I am new using Julia and I want to check differences with Matlab.
I have written a simple Matlab example:
N=100000
tic
for K=[1:N]
sum(cos(2 * pi * [0:N]/N) .* exp(-j * 2 * K * pi/N * [0:N]))/N
end
toc
I have traslated the example to Julia in this way:
N=100000 @time begin
for K in 1:N
sum(cos.(2 * pi * (0:N)/N) .* exp.(-1im * 2 * K * pi/N * (0:N)))/N
end
end
I have obtained better results with Matlab (80 sec. vs 210 sec.).
I would like to know if the problem is my traslation (which is very direct) or simply Matlab is faster for this kind of operations in my machine (Apple ARM M2 Max).
I am using the latest (stable) versions of Julia and Matlab.
This is a known issue. Matlab does a better job of vectorized elementary functions than Julia. That said, you could make this a decent amount faster with sum(cospi.(2/N * (0:N)) .* cispi.(-2 * K / N * (0:N)))/N. cis stands for cos+im*sin and is a faster way to compute exp(im*x), and Julia provides cospi and associated trig functions to do a cheaper and easier reduction. I also think this is missing a couple dots which would speed things up.

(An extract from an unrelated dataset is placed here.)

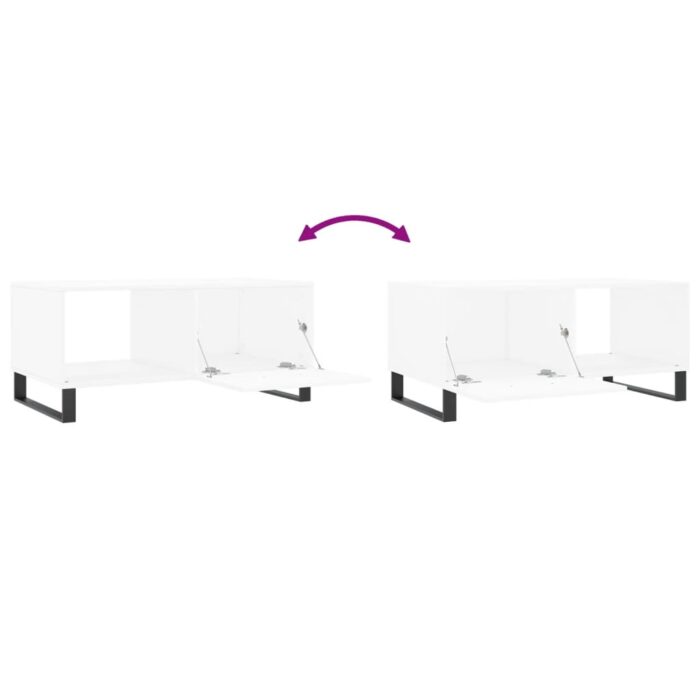 Table basse blanc 90x50x40 cm bois d'ingénierie – Image 7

@josujugo: To elaborate on what Oscar is saying; you can certainly make some small modifications that on my device (Mac with M1) led to roughly a doubling of the speed. The first is to avoid unnecessary allocations by
My fastest version is on 84 seconds, just as your Matlab version. You can even multithread this for an attractive speed-up!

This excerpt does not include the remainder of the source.